Incluso depositó en ella unas expectativas tan grandes.

—El Orfanato del Valle hacía mucho más que solo retenernos. Y estoy segura de que tú lo sabes mejor que yo.

Siete se mordió el labio, llena de resentimiento, pero no dijo nada.

—Tardé años en volverme lo suficientemente fuerte como para enfrentarme al orfanato. Pero cuando finalmente regresé, ya solo quedaban ruinas. Durante todo este tiempo no he dejado de buscarlos, pero se esconden muy bien. Incluso cuando encuentro una pista, alguien se encarga de borrarla de inmediato, así que no he logrado ningún avance real.

Siete recordó de pronto cómo, hace unos años, su organización recibió una orden de exterminio y fueron atacados brutalmente por al menos tres grupos diferentes. Tuvieron que sacrificar muchas piezas clave para poder sobrevivir.

Así que no estaba mintiendo.

Pero, ¿qué importaba si no mentía? Entre ellas no solo se interponían más de diez años de separación, sino un abismo insalvable.

—¿Conoces a Julián?

Roxana no se anduvo con rodeos.

—Es mi subordinado. ¿Peleaste con él?

Siete soltó un bufido frío.

—Él no tiene el nivel para pelear conmigo. Pero sé que se infiltró en el Hospital Edson y encontró algunas cosas. Lamentablemente, lo atraparon cuando intentaba escapar.

La mirada de Roxana se volvió gélida al instante.

—¿Sabes dónde está ahora?

Al ver el cambio en su expresión, Siete la observó detenidamente.

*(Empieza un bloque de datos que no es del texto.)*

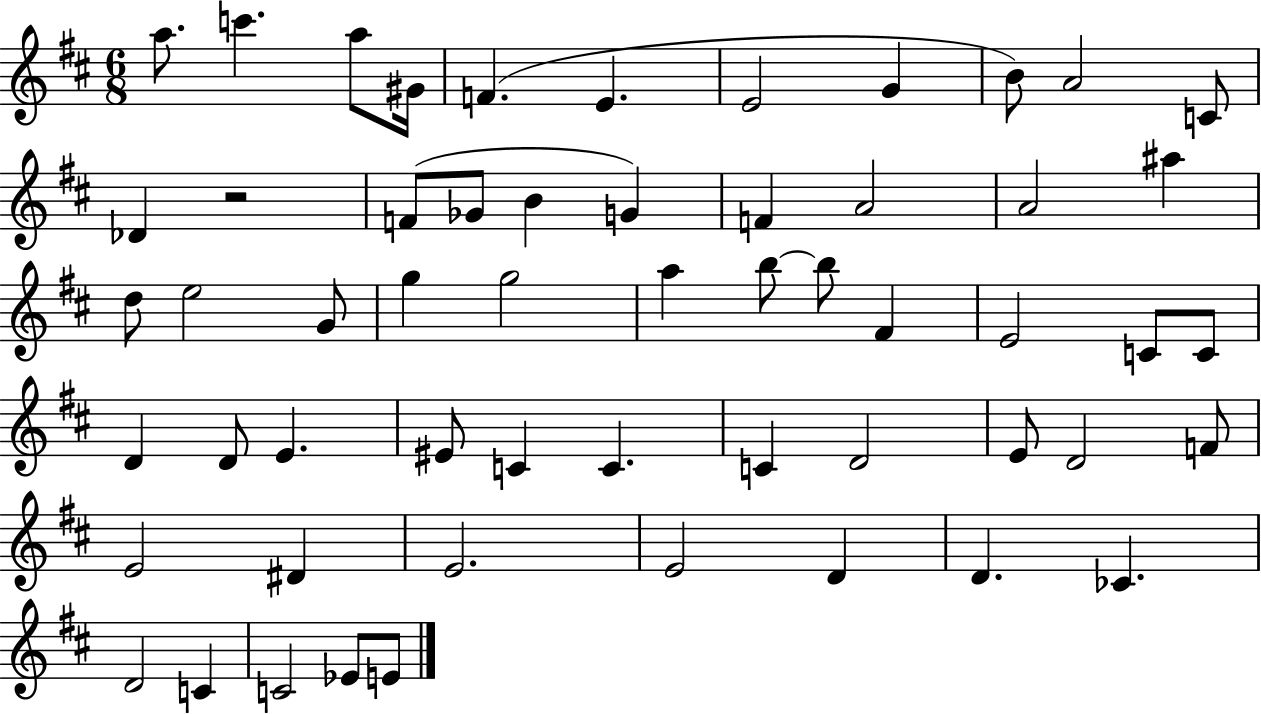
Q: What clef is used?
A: treble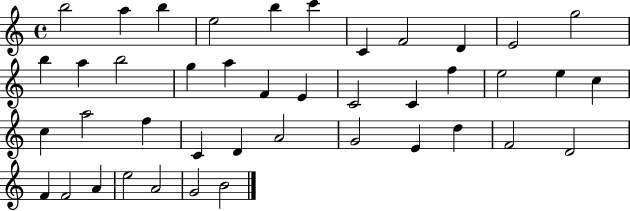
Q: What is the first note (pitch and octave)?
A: B5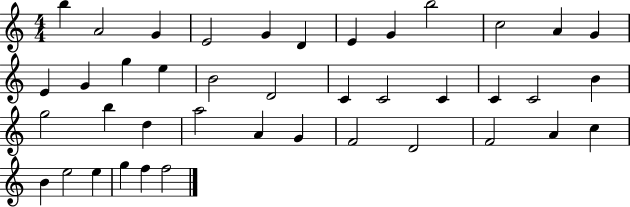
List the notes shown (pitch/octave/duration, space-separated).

B5/q A4/h G4/q E4/h G4/q D4/q E4/q G4/q B5/h C5/h A4/q G4/q E4/q G4/q G5/q E5/q B4/h D4/h C4/q C4/h C4/q C4/q C4/h B4/q G5/h B5/q D5/q A5/h A4/q G4/q F4/h D4/h F4/h A4/q C5/q B4/q E5/h E5/q G5/q F5/q F5/h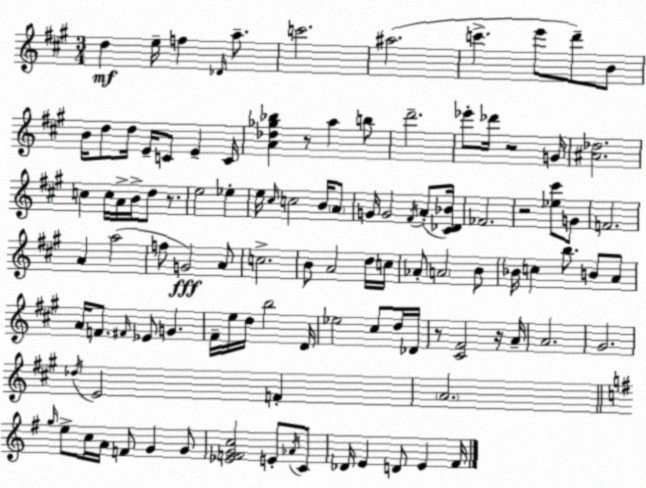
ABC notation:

X:1
T:Untitled
M:3/4
L:1/4
K:A
d e/4 f _D/4 a/2 c'2 ^a2 c' e'/2 d'/2 B/2 B/4 d/2 d/4 E/4 C/2 E C/4 [A_d_g_b] z/2 a b/2 d'2 _e'/2 _d'/4 z2 G/4 [^A_d]2 c c/4 A/4 B/4 d/2 z/2 e2 _e e/4 ^c/4 c2 B/4 A/2 G/4 G2 ^F/4 A/2 [^C_D_B]/4 _F2 z2 [_e^c']/2 G/2 F2 A a2 f/2 G2 A/2 c2 B/2 A2 d/4 c/4 _A/2 A2 B/2 _B/4 c b/2 B/2 A/2 A/4 F/2 ^F/4 _E/2 G ^F/4 e/4 d/4 b2 D/4 _e2 ^c/2 d/4 _D/4 z/2 [^C^F]2 z/4 A/4 A2 ^G2 _d/4 E2 F A2 g/4 e/2 c/4 A/4 F/2 G G/2 [_EFGc]2 E/2 _A/4 C/2 _D/4 E D/2 E ^F/4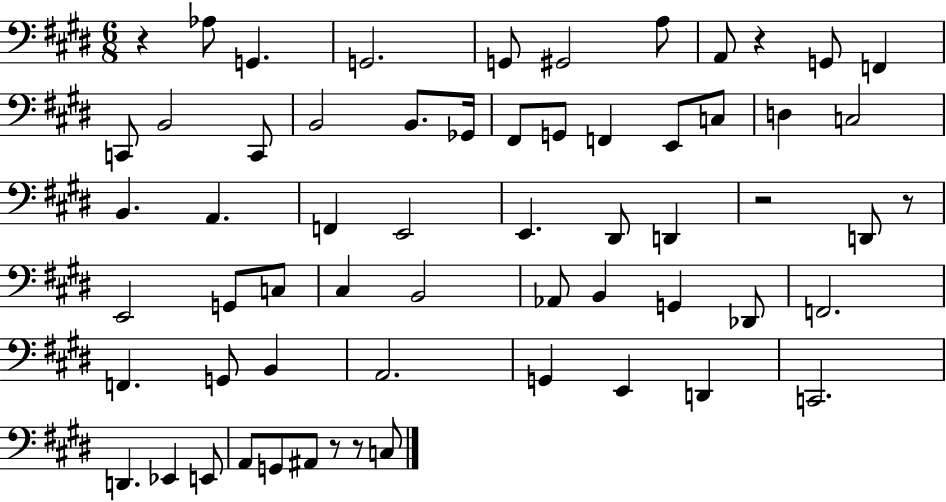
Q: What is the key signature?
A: E major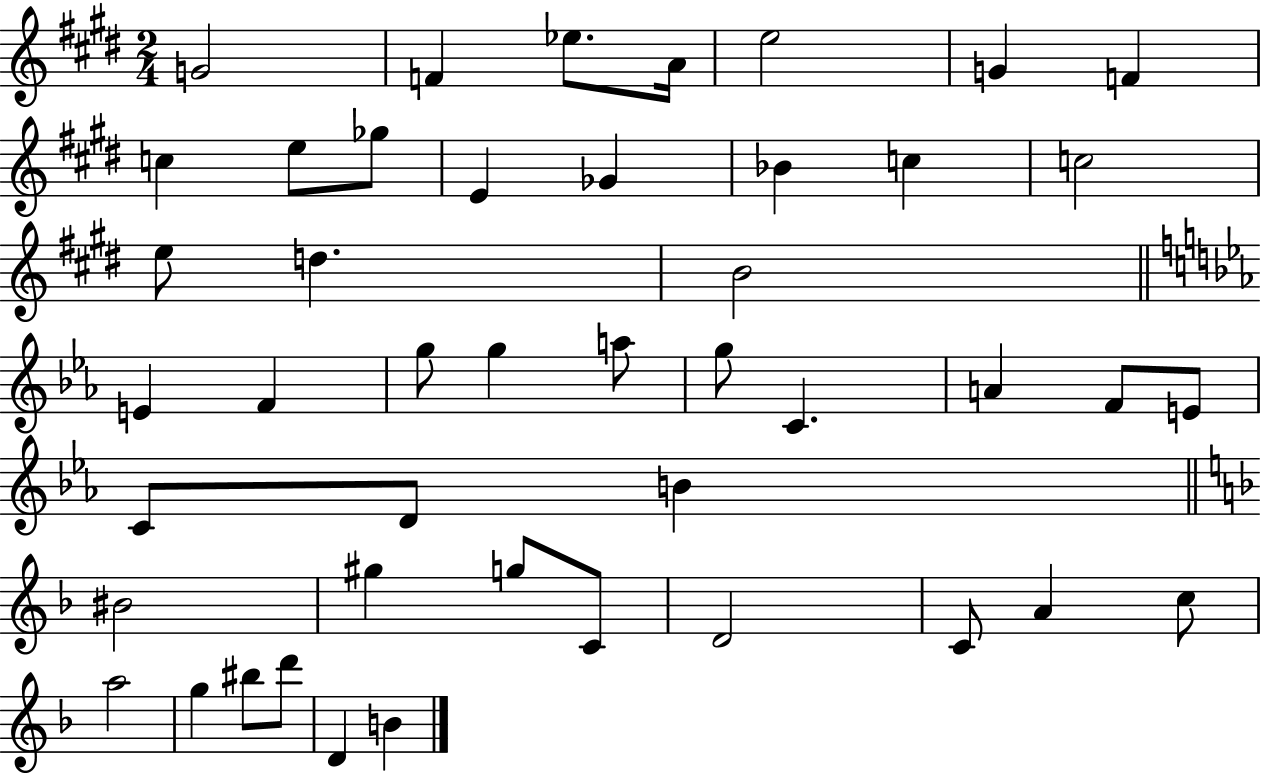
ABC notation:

X:1
T:Untitled
M:2/4
L:1/4
K:E
G2 F _e/2 A/4 e2 G F c e/2 _g/2 E _G _B c c2 e/2 d B2 E F g/2 g a/2 g/2 C A F/2 E/2 C/2 D/2 B ^B2 ^g g/2 C/2 D2 C/2 A c/2 a2 g ^b/2 d'/2 D B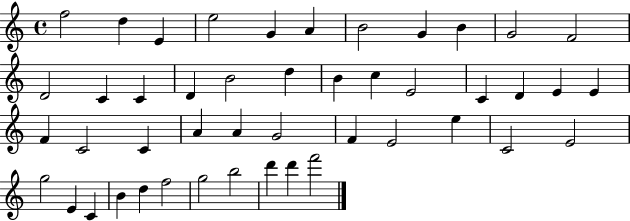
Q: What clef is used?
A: treble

—Nunca me meto en los asuntos del Hospital Edson, pero te diré que los accionistas mayoritarios de ese lugar son de la familia Solórzano.

Roxana frunció el ceño. Si la familia Solórzano era capaz de asediar la casa de su tío Bernardo por unos simples documentos, la situación de Julián al caer en sus manos seguramente sería crítica.

Le lanzó el cuchillo corto de vuelta a Siete y luego marcó el número de Daniel.

La llamada se conectó de inmediato.

—¡Jefa! Justo iba a llamarla. Julián está en problemas. Recibí información confiable de que la familia Solórzano lo capturó y lo tiene encerrado. Aún no tengo la ubicación exacta, ¡pero estoy trabajando en ello!

La respiración de Roxana se volvió pesada.

—Avísame en cuanto sepas algo.

Tras colgar, miró a Siete con unos ojos tan fríos y oscuros como la noche.

¿Qué papel jugaba su Pequeña Muda y su compañero en todo este asunto?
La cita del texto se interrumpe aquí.